What the exercise asks:
Your task is to reproduce exactly the lines from the one containing "2024 Toyota RAV4 LE AWD" through the last line below, both ends included, and nothing else, with no pictures.

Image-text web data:
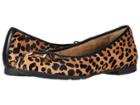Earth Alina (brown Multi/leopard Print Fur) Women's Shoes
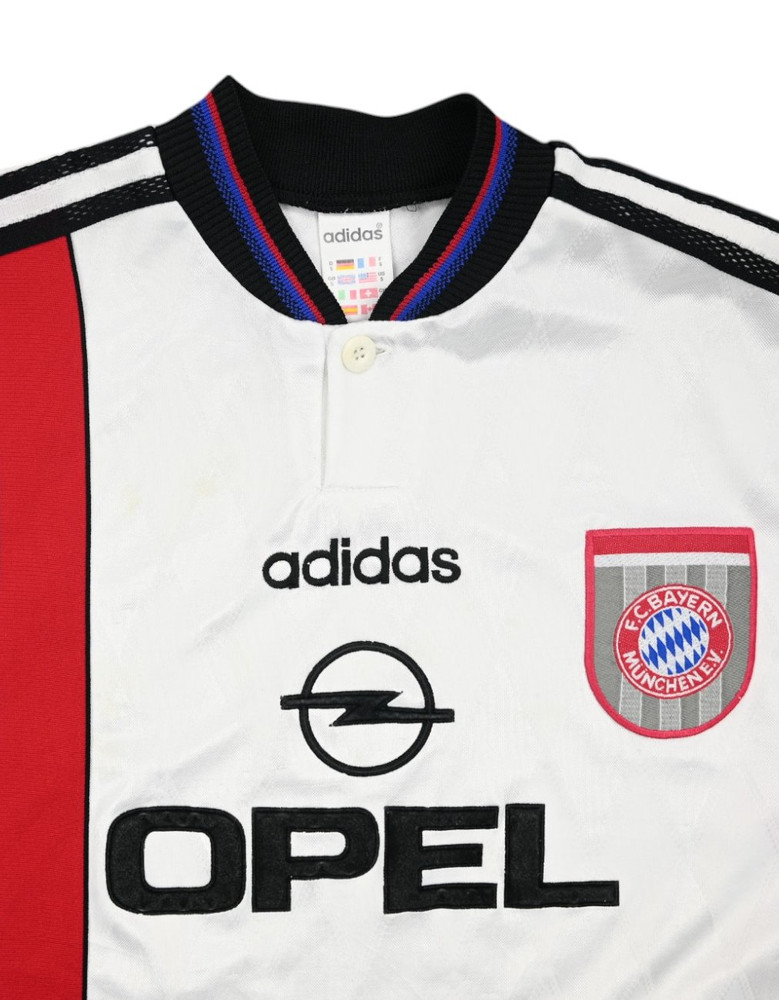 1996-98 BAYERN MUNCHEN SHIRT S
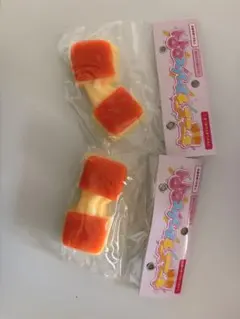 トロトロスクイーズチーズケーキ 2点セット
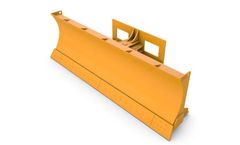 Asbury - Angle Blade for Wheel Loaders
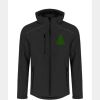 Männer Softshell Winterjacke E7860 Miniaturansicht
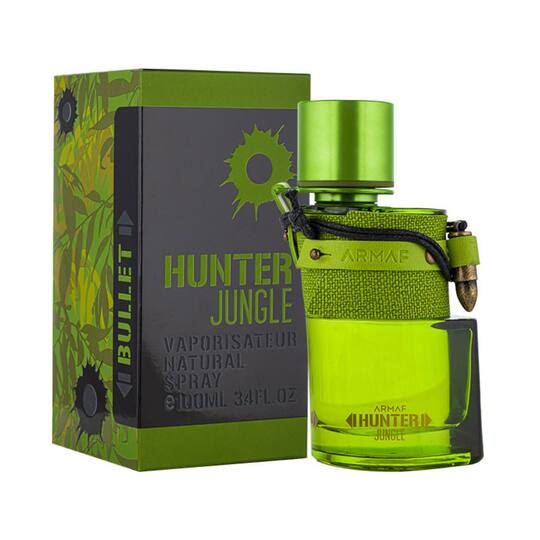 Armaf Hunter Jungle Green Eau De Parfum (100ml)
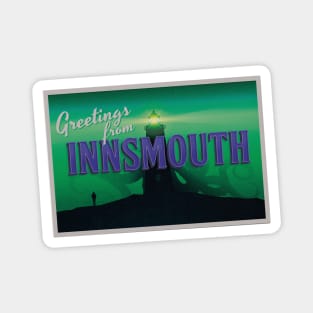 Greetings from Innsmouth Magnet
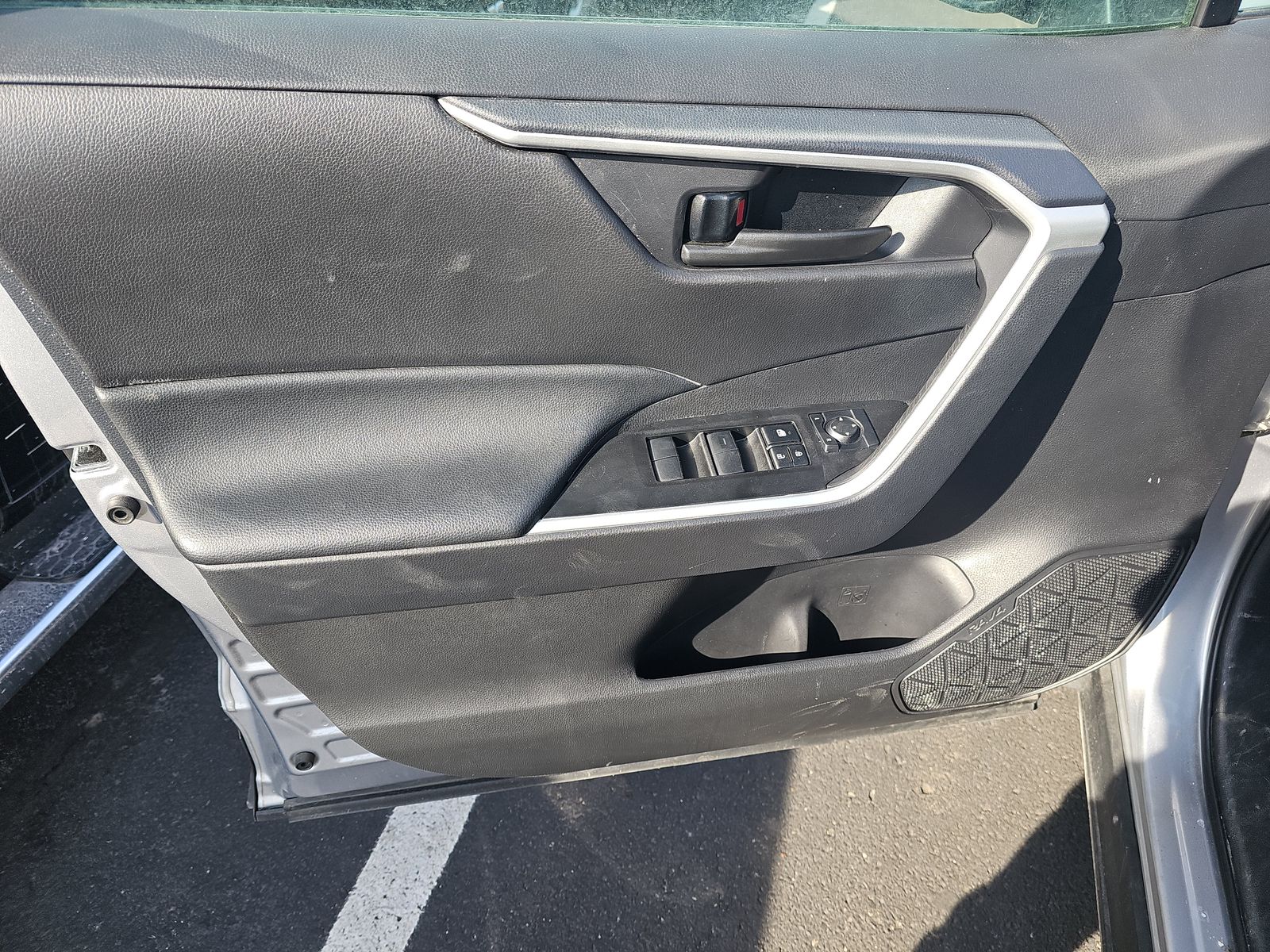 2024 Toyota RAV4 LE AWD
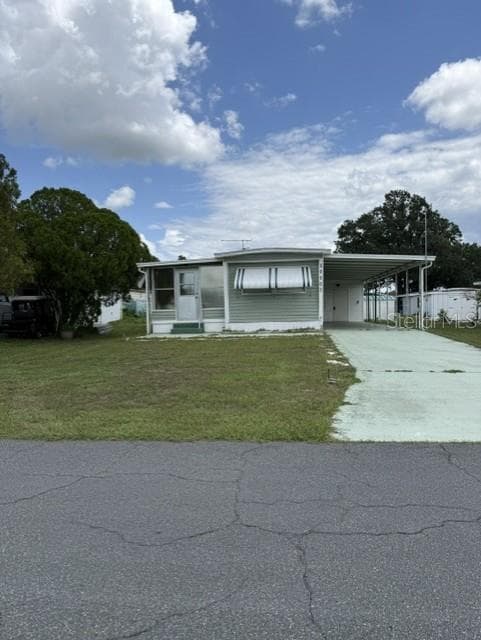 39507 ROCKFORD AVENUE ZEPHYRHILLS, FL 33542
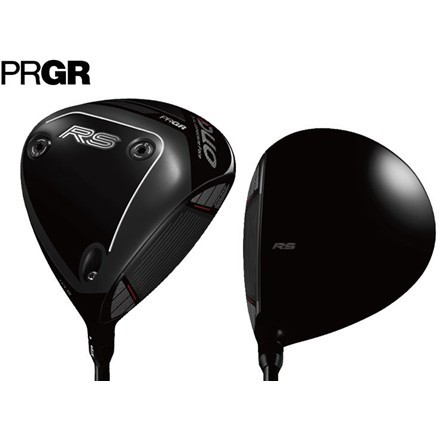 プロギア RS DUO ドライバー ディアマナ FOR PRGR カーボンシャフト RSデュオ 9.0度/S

Task response:
 2024 Toyota RAV4 LE AWD
 39507 ROCKFORD AVENUE ZEPHYRHILLS, FL 33542
 プロギア RS DUO ドライバー ディアマナ FOR PRGR カーボンシャフト RSデュオ 9.0度/S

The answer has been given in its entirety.